Additionally, defendants seeking to challenge patent eligibility have seen their ability to do so further constrained by the Federal Circuit’s decisions in Berkheimer and Aatrix, which have effectively precluded the early resolution of Section 101 challenges in certain cases and have caused a significant and persistent drop in Alice invalidation rates. With the US Supreme Court’s January 13 decision not to revisit Berkheimer, it appears possible that this will be the new normal. A cloud also hangs over the Patent Trial and Appeal Board (PTAB) as parties and courts debate the impact of the Federal Circuit’s decision in Arthrex, which an RPX analysis indicates may subject hundreds of America Invents Act (AIA) reviews to rehearing through its holding that the appointment of PTAB administrative patent judges had been unconstitutional.
Meanwhile, the patent market has seen a renewed swell of patent assertion backed by waves of incoming capital, giving a boost to NPE players old and new. This includes Acacia Research Corporation, which has been ramping up its litigation activity as it pushes to expand, bolstered by funding secured through a recently announced partnership. Patent divestitures from Intellectual Ventures LLC have also continued to drive the filing of litigation, while RPX has noted an increase in activity by NPEs backed by third-party litigation funders.

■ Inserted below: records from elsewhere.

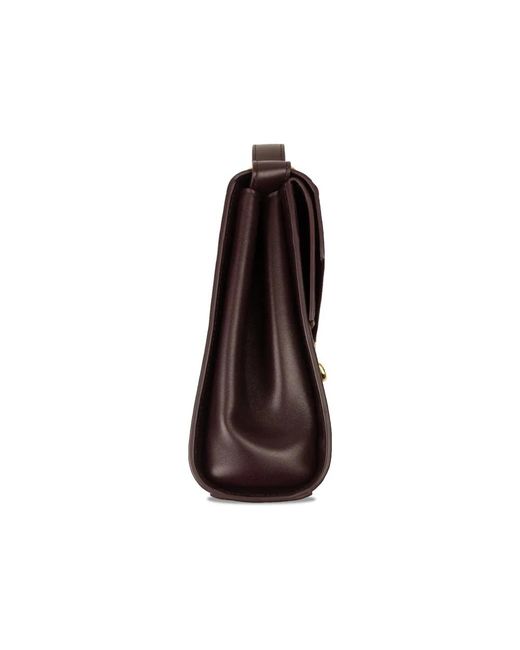 Bottega Veneta Brown Handbags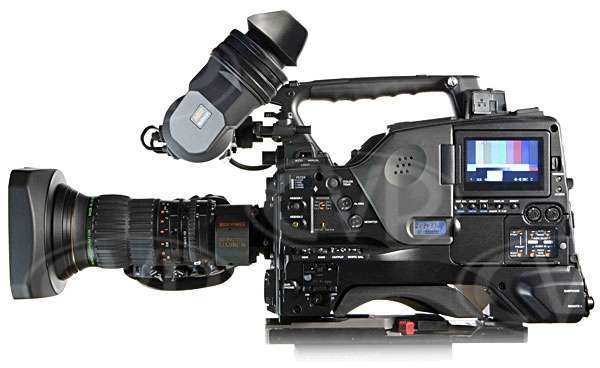 SONY PDW-HD MAINTENANCE MANUAL Pdf Download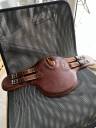 Sangle bavette Prestige Italia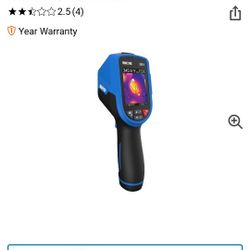 innova 3361 thermal imaging camera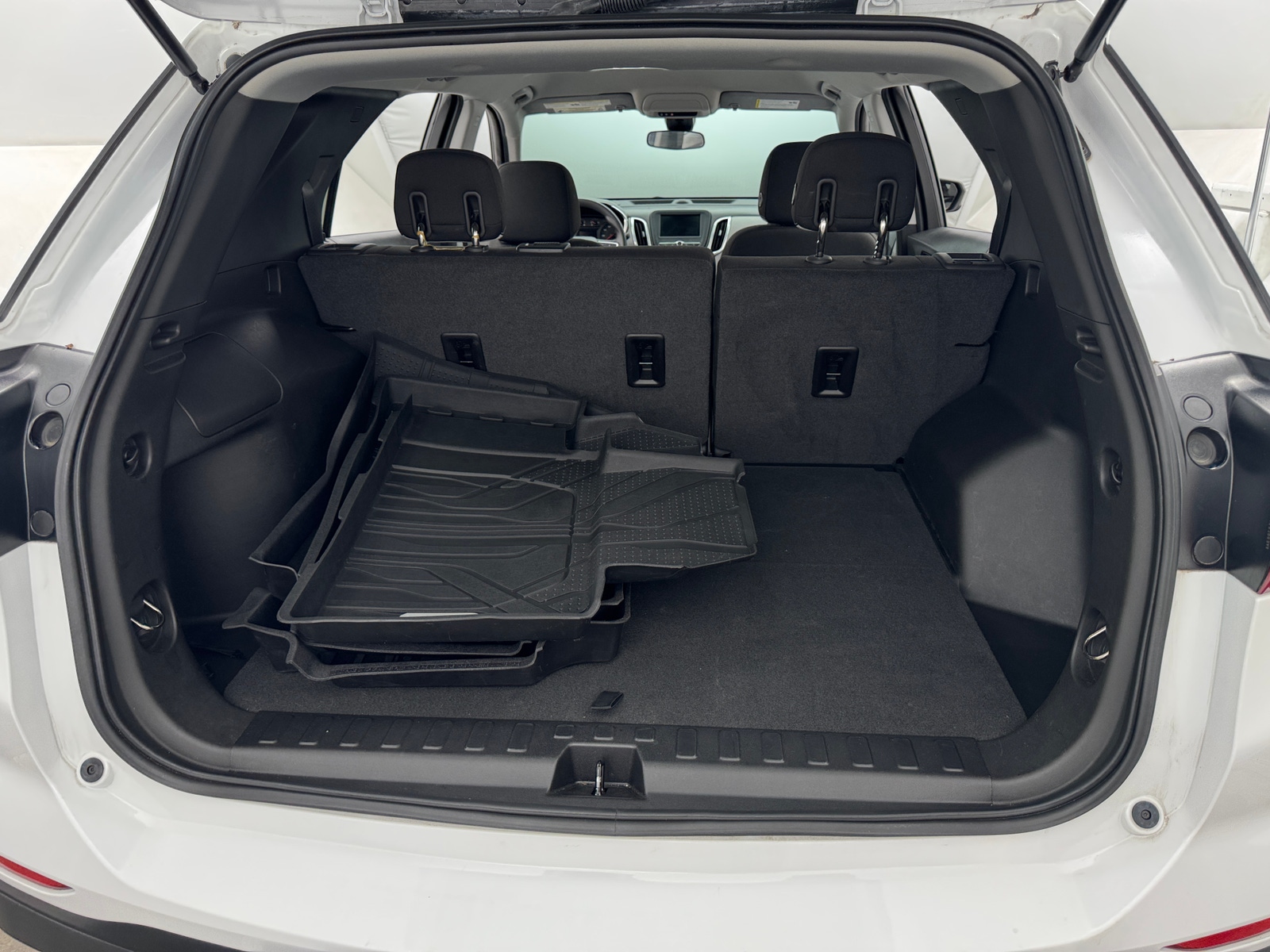 Thumbnail: 2020 Chevrolet Equinox - 7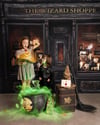 Harry Potter and Halloween Kids only Minis 1st October 2023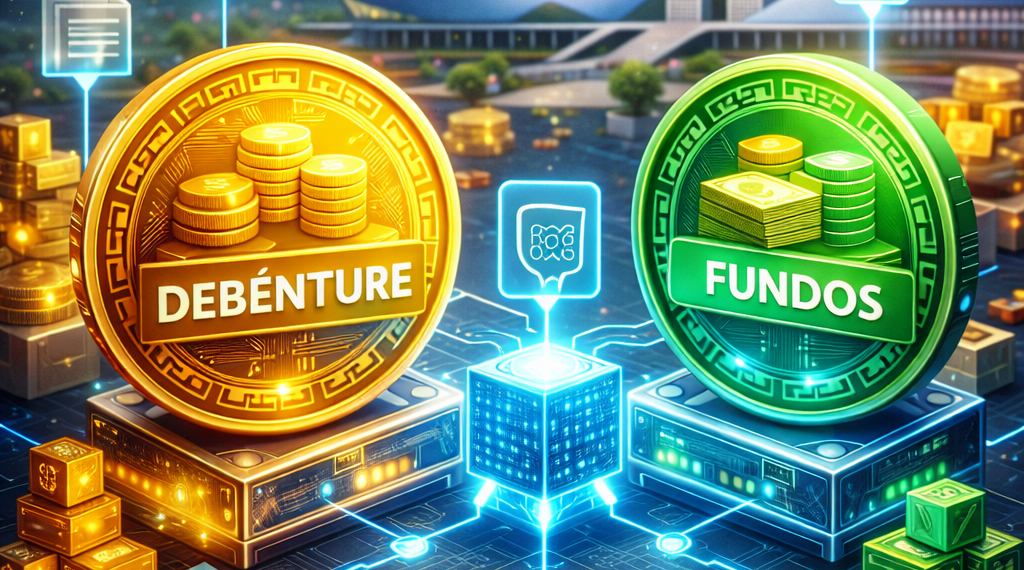 ANBIMA abre inscrições para projeto piloto de tokenização de debêntures e fundos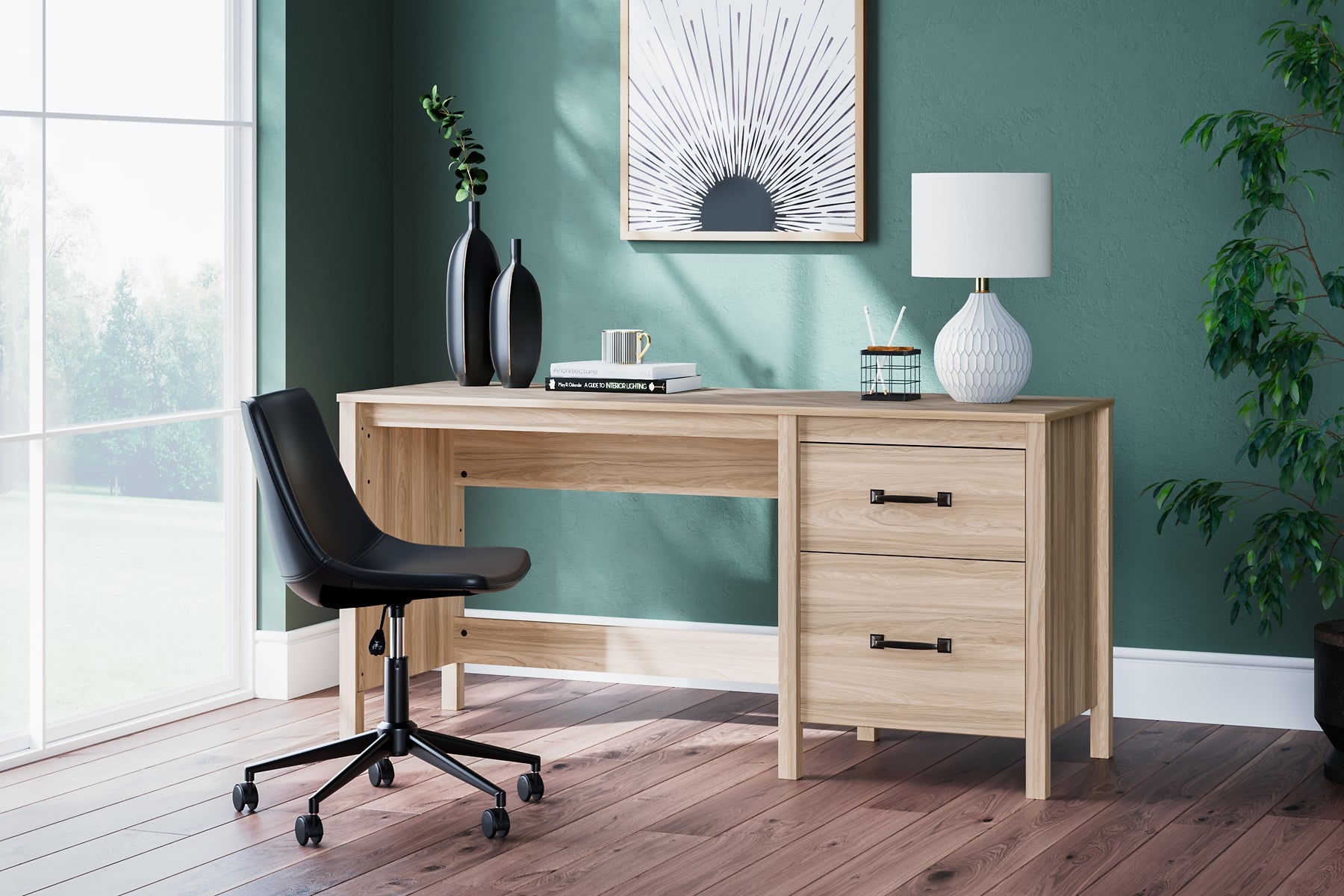 Home Office > Home Office Desks – Roberts Furniture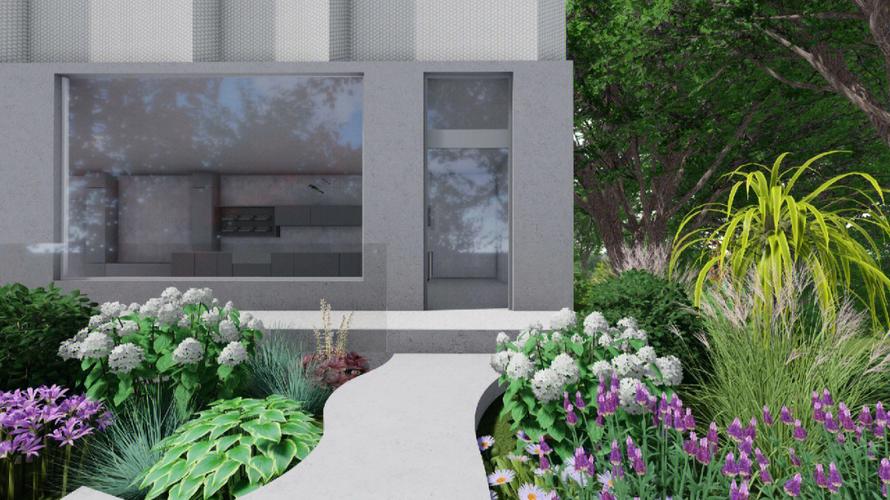 Lumion场景渲染技术 - BIM,Reivt中文网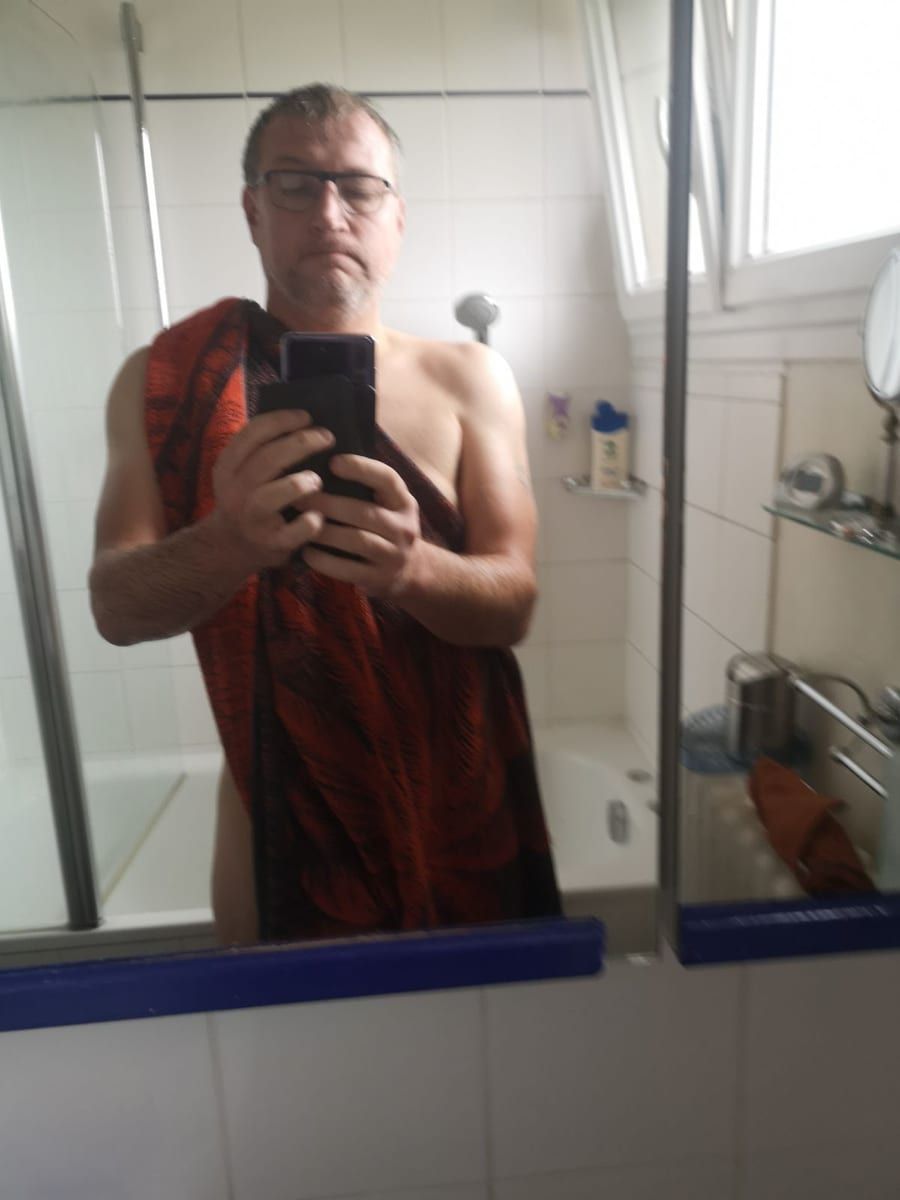 Profil de Casimir, 31 ans, Sites gay à Vezia (Tessin)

Litigation Snapshot: NPE Filings Drive District Court Uptick
Patent litigation increased by around 4.6% in 2019 over 2018, counted by defendants added to litigation campaigns (with 3,555 defendants added in 2019 versus 3,398 in 2018). That increase was driven by NPEs, which added 22.7% more defendants in 2019 compared to the previous year (with 1,995 defendants added in 2019 versus 1,626 in 2018). By contrast, operating company litigation fell by 12% last year from 2018 (with 1,560 defendants added in 2019 versus 1,772 in 2018). NPE litigation accounted for 56% of the defendants added in 2019—increasing from 48% in 2018.
In the fourth quarter of 2019, 926 defendants were added to patent campaigns overall, an increase of roughly 11.6% over Q4 2018 (during which 830 defendants were added), and about 3% less than Q3 2019. (By comparison, Q4 2018 fell by nearly 9% over the prior quarter that year.) NPEs accounted for 55.7% of the defendants added in Q4 2019 (516 defendants added), with operating companies adding 44.3% (410)—the fourth straight quarter in which NPEs added more defendants than operating company plaintiffs.
Venue Update: West Texas Rises as Companies Fight Gilstrap Ruling
In the fourth quarter of 2019, the District of Delaware was the most popular district for patent litigation overall, also holding the top spot for both NPE and operating company litigation. For NPEs, the Eastern District of Texas—favored by such plaintiffs prior to the Supreme Court’s TC Heartland decision—fell to third place, overtaken for second place by the Western District of Texas. The latter district has seen a surge in popularity following the confirmation of District Judge Alan D. Albright, who has established local rules designed to attract patent litigation in his district.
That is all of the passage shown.